-- EXERCISE --
Below are records; the lines starting at the one with "Reconocen Ayuntamiento de" and ending at the one with "Chevrolet Silverado 1500" must be reproduced exactly, both included. Pictures must not appear.

-- INPUT DATA --
++++++

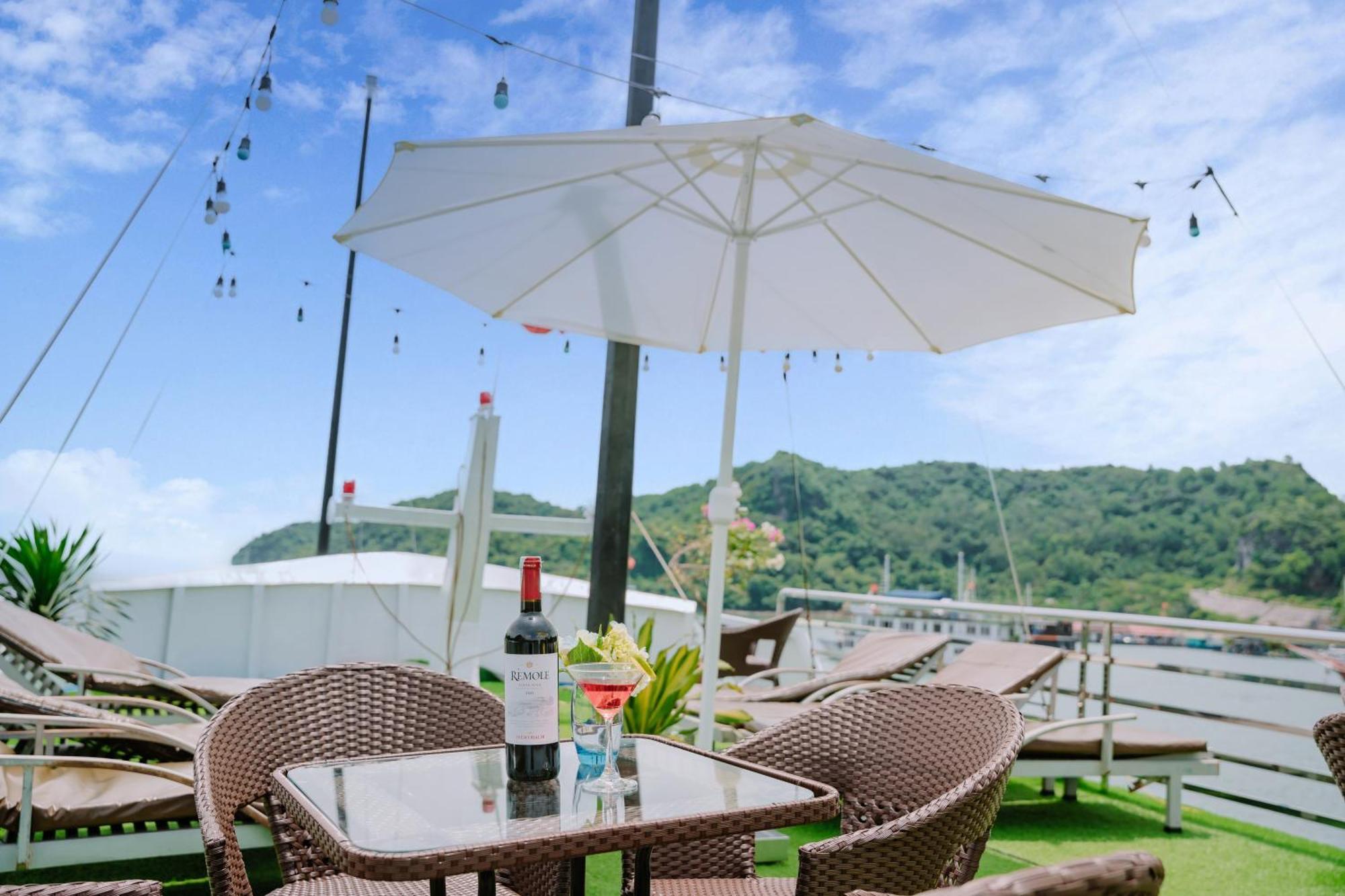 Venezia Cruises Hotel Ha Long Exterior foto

++++++

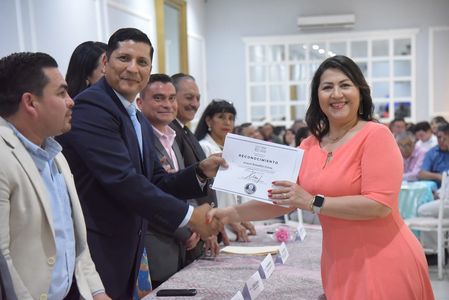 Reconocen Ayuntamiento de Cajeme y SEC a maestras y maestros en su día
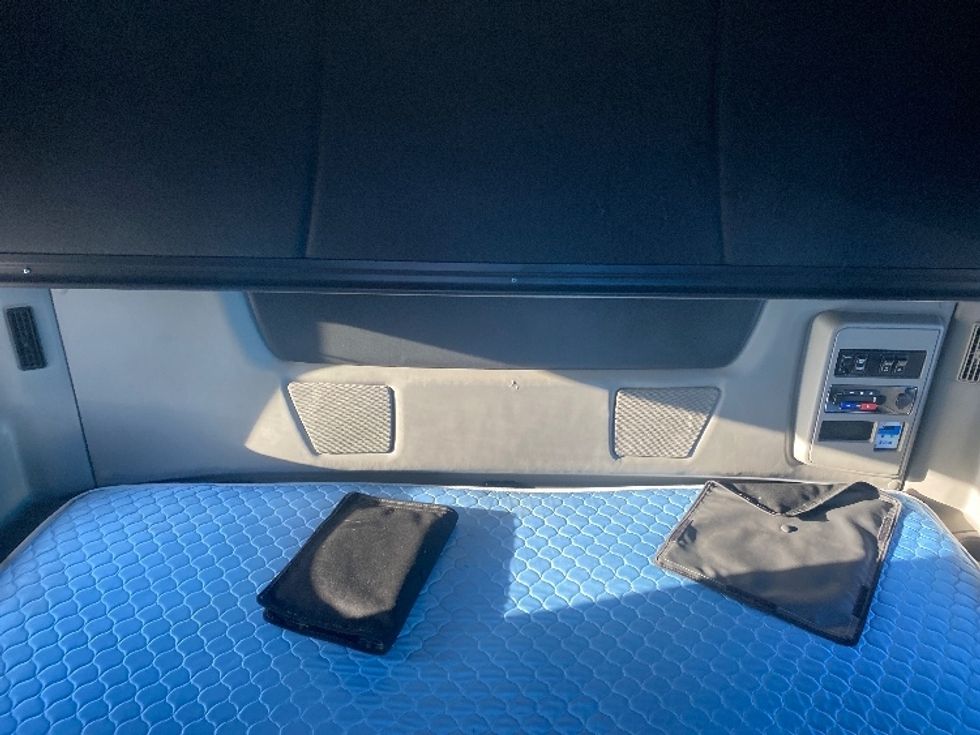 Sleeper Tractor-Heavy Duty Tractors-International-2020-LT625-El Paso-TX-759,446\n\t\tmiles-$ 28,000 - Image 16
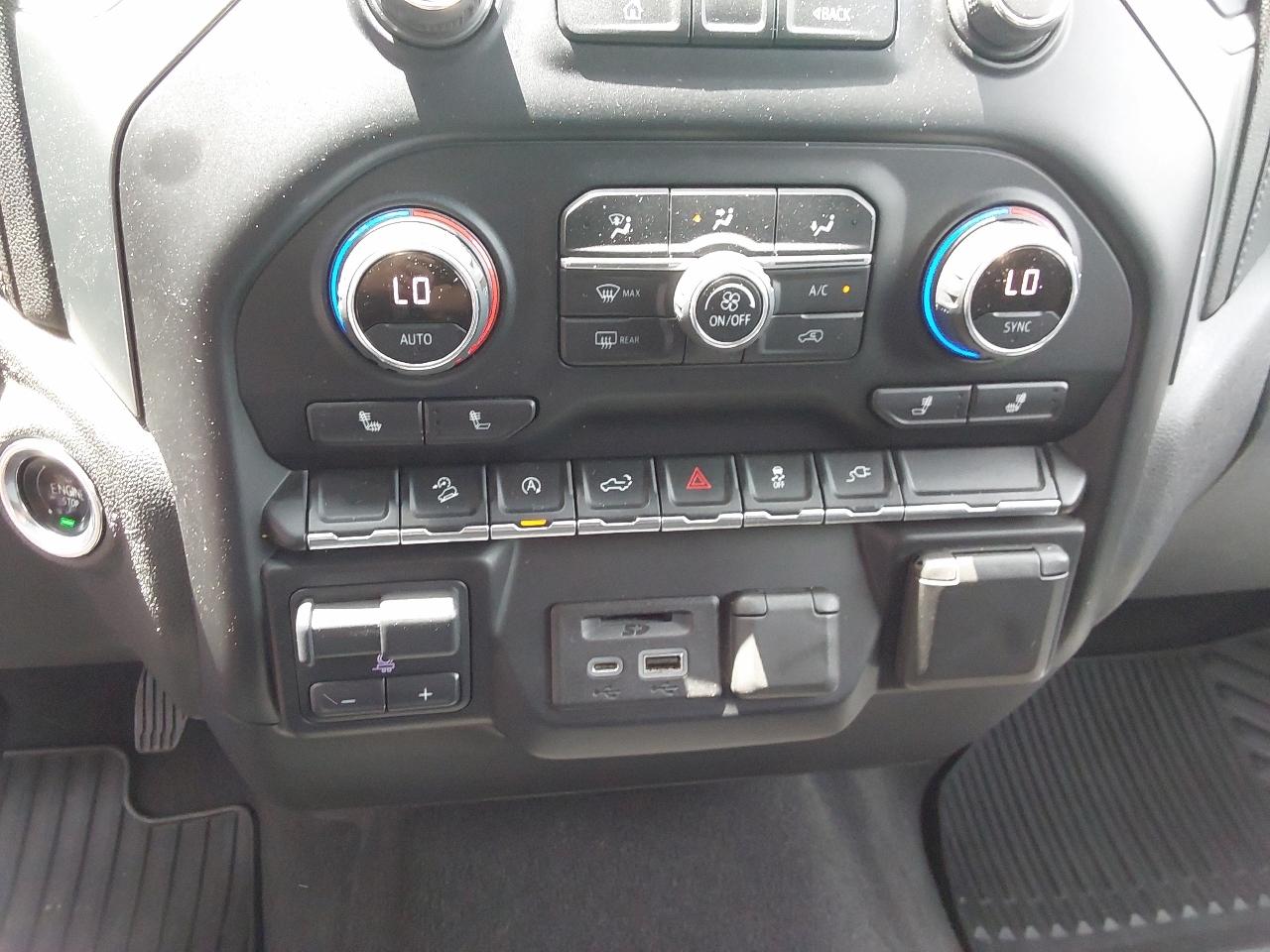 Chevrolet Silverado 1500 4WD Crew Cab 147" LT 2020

++++++

-- ANSWER SECTION --
 Reconocen Ayuntamiento de Cajeme y SEC a maestras y maestros en su día
 Sleeper Tractor-Heavy Duty Tractors-International-2020-LT625-El Paso-TX-759,446\n\t\tmiles-$ 28,000 - Image 16
 Chevrolet Silverado 1500 4WD Crew Cab 147" LT 2020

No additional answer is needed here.